Bruce Sterling delves into the world of high-tech crime and punishment in one of the first books to explore the cyberspace breaches that threaten national security. From the crash of AT&T’s long-distance switching system to corporate cyberattacks, he investigates government and law enforcement efforts to break the back of America’s electronic underground in the 1990s. In this modern classic, “Sterling makes the hackers—who live in the ether between terminals under noms de net such as VaxCat—as vivid as Wyatt Earp and Doc Holliday. His book goes a long way towards explaining the emerging digital world and its ethos” (Publishers Weekly).
This edition features a new preface by the author that analyzes the sobering increase in computer crime over the twenty-five years since The Hacker Crackdown was first published.
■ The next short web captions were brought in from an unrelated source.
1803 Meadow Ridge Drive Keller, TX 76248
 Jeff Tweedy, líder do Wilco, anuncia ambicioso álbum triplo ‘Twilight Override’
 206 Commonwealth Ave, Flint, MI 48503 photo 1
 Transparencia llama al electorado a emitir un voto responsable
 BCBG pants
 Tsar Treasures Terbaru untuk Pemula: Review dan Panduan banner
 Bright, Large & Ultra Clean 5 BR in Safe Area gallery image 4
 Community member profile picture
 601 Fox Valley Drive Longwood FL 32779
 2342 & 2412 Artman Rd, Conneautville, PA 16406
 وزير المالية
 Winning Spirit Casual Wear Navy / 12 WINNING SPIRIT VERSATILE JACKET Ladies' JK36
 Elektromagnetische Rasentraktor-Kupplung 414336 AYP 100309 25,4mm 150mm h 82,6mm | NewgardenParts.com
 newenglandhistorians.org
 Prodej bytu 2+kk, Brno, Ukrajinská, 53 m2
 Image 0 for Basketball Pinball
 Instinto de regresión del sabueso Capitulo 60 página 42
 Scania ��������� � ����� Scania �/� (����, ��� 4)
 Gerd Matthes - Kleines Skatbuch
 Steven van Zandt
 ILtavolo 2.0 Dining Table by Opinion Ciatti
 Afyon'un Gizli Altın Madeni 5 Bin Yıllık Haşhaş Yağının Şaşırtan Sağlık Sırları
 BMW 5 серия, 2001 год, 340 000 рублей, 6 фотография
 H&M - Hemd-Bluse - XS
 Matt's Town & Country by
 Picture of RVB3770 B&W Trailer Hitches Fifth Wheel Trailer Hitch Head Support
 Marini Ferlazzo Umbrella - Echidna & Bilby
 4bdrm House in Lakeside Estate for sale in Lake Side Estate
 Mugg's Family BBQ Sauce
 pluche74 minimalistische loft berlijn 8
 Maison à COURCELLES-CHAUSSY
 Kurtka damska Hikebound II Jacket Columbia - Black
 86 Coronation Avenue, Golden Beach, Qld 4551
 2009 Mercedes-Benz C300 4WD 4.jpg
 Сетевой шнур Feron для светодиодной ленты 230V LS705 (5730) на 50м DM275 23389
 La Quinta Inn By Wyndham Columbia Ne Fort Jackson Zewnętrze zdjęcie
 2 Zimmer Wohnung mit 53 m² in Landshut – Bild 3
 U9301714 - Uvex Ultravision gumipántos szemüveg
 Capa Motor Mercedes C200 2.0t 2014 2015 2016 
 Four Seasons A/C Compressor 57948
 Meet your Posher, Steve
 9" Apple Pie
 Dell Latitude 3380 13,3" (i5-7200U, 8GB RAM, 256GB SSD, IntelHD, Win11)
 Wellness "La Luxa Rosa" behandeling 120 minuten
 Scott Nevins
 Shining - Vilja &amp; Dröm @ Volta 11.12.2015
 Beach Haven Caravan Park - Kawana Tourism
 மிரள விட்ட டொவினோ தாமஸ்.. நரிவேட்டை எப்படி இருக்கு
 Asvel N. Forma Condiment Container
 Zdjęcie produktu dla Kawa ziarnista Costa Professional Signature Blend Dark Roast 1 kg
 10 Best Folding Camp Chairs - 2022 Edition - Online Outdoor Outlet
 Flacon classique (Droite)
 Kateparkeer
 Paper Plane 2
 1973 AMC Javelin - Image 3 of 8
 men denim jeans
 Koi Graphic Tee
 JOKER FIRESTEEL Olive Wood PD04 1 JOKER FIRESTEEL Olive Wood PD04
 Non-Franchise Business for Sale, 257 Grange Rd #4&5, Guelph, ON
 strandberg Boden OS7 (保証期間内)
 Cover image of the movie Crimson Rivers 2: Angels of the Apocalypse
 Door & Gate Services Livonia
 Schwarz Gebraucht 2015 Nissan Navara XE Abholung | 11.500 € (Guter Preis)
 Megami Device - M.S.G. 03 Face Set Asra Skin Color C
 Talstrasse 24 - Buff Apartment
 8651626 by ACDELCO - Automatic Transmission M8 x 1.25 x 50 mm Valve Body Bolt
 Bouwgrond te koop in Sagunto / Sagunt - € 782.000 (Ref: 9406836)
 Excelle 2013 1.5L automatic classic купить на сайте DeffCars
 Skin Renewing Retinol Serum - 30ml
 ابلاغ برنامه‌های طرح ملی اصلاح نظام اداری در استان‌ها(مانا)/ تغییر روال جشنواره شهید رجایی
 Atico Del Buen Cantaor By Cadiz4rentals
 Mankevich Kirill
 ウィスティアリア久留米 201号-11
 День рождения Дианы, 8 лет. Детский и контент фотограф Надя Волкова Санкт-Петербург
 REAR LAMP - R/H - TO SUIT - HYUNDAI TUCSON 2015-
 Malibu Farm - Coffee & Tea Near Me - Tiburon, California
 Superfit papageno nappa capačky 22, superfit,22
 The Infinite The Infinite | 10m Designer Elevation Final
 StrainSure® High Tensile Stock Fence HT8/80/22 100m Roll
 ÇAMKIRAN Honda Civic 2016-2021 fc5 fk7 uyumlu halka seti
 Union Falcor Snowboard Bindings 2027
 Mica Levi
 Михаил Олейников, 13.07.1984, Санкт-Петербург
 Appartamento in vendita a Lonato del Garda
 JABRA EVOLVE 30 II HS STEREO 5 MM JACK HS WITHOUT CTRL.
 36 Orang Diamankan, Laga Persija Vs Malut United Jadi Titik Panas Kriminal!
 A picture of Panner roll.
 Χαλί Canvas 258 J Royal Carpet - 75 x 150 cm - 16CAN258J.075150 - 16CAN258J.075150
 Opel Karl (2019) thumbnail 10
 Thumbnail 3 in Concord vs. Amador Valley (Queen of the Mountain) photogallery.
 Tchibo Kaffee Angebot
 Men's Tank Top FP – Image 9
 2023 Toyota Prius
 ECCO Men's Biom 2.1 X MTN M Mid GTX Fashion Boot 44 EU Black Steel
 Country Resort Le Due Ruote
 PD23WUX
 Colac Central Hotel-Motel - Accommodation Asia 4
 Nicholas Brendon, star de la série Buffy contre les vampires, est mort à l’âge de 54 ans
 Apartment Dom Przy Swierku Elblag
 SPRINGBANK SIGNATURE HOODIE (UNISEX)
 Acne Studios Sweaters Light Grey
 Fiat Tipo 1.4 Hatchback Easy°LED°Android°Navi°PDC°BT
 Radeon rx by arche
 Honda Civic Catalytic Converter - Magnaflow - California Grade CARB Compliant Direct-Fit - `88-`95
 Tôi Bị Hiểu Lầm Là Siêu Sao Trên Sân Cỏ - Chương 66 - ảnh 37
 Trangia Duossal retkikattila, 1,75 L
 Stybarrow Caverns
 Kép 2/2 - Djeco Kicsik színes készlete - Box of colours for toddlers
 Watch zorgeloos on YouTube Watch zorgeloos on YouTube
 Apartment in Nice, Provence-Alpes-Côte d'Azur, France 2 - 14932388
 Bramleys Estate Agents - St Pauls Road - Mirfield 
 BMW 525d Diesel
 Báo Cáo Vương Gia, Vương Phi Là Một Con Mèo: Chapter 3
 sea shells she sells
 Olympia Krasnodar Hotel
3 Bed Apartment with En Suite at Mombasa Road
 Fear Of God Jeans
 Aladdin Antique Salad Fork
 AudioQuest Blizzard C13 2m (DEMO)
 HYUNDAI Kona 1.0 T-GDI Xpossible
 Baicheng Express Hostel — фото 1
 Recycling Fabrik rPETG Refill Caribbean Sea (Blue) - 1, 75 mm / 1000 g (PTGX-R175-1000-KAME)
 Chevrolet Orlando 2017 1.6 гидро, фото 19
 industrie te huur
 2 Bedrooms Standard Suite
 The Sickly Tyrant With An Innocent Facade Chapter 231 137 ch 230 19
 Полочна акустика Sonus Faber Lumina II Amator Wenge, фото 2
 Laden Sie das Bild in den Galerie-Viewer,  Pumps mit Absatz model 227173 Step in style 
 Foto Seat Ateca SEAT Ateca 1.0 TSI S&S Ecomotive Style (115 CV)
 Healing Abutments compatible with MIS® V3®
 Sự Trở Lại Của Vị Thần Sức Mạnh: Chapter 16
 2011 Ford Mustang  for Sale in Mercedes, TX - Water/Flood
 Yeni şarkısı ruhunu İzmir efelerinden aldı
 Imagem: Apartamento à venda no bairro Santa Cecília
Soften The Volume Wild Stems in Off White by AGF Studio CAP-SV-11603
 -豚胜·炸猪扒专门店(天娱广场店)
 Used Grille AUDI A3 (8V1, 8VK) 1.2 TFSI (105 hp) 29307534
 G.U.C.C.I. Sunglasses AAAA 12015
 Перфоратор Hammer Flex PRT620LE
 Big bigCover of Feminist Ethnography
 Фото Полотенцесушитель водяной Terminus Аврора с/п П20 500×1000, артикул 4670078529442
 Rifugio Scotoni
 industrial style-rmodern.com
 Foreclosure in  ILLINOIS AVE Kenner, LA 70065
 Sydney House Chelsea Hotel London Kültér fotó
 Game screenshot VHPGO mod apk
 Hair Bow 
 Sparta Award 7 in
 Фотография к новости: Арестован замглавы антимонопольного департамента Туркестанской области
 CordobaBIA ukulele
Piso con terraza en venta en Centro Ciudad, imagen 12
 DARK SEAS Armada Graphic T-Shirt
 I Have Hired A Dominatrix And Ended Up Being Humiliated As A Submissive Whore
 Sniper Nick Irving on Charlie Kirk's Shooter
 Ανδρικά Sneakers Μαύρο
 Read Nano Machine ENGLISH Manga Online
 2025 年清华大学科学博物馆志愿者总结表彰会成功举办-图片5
“Offbeat and brilliant.” —Booklist
“Thoroughly researched, this account of the government’s crackdown on the nebulous but growing computer-underground provides a thoughtful report on the laws and rights being defined on the virtual frontier of cyberspace. . . . An enjoyable, informative, and (as the first mainstream treatment of the subject) potentially important book . . . Sterling is a fine and knowledgeable guide to this strange new world.” —Kirkus Reviews
“A well-balanced look at this new group of civil libertarians. Written with humor and intelligence, this book is highly recommended.” —Library Journal
Bruce Sterling
Bruce Sterling is an American science fiction writer, born in Brownsville, Texas on April 14, 1954. His first published fiction appeared in the late 1970s, but he came to real prominence in the early 1980s as one of several writers associated with the "cyberpunk" tendency, and as that movement's chief theoretician and pamphleteer. He also edited the anthology Mirrorshades (1986), which still stands as a definitive document of that period in SF. His novel Islands in the Net (1988) won the John W. Campbell Award for best SF novel of the year; he has also won two Hugo awards, for the stories "Bicycle Repairman" (1996) and "Taklamakan" (1998). His 1990 collaboration with William Gibson, The Difference Engine, was an important work of early steampunk/neo-Victoriana. In 2009, he published The Caryatids. In 1992 he published The Hacker Crackdown: Law and Disorder on the Electronic Frontier, heralding a second career as a journalist covering social, legal, and artistic matters in the digital world. The first issue of Wired magazine, in 1993, featured his face on its cover; today, their web site hosts his long-running blog, Beyond the Beyond.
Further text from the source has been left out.